ASSIGNED TASK: A word-for-word copy of the whole listing is the required answer.

───── MATERIAL SUPPLIED ─────

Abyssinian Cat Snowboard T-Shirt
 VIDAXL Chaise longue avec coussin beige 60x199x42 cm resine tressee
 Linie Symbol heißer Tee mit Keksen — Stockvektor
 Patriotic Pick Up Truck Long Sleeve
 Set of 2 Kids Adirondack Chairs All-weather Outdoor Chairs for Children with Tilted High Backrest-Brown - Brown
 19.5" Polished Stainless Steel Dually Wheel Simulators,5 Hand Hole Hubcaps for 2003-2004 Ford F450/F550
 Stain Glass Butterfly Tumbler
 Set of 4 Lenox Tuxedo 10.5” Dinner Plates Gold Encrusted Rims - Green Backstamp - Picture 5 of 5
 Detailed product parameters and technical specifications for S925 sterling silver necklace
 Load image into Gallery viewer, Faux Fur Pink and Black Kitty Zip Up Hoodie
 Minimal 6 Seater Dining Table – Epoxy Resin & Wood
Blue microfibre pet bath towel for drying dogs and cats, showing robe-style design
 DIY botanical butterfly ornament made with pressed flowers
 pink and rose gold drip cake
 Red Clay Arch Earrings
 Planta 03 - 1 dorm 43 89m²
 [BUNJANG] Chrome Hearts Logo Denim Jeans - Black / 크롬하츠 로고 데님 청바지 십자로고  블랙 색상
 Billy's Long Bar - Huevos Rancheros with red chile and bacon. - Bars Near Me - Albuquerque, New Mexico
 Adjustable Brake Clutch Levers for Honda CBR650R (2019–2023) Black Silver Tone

─────

SOLUTION:
Abyssinian Cat Snowboard T-Shirt
 VIDAXL Chaise longue avec coussin beige 60x199x42 cm resine tressee
 Linie Symbol heißer Tee mit Keksen — Stockvektor
 Patriotic Pick Up Truck Long Sleeve
 Set of 2 Kids Adirondack Chairs All-weather Outdoor Chairs for Children with Tilted High Backrest-Brown - Brown
 19.5" Polished Stainless Steel Dually Wheel Simulators,5 Hand Hole Hubcaps for 2003-2004 Ford F450/F550
 Stain Glass Butterfly Tumbler
 Set of 4 Lenox Tuxedo 10.5” Dinner Plates Gold Encrusted Rims - Green Backstamp - Picture 5 of 5
 Detailed product parameters and technical specifications for S925 sterling silver necklace
 Load image into Gallery viewer, Faux Fur Pink and Black Kitty Zip Up Hoodie
 Minimal 6 Seater Dining Table – Epoxy Resin & Wood
Blue microfibre pet bath towel for drying dogs and cats, showing robe-style design
 DIY botanical butterfly ornament made with pressed flowers
 pink and rose gold drip cake
 Red Clay Arch Earrings
 Planta 03 - 1 dorm 43 89m²
 [BUNJANG] Chrome Hearts Logo Denim Jeans - Black / 크롬하츠 로고 데님 청바지 십자로고  블랙 색상
 Billy's Long Bar - Huevos Rancheros with red chile and bacon. - Bars Near Me - Albuquerque, New Mexico
 Adjustable Brake Clutch Levers for Honda CBR650R (2019–2023) Black Silver Tone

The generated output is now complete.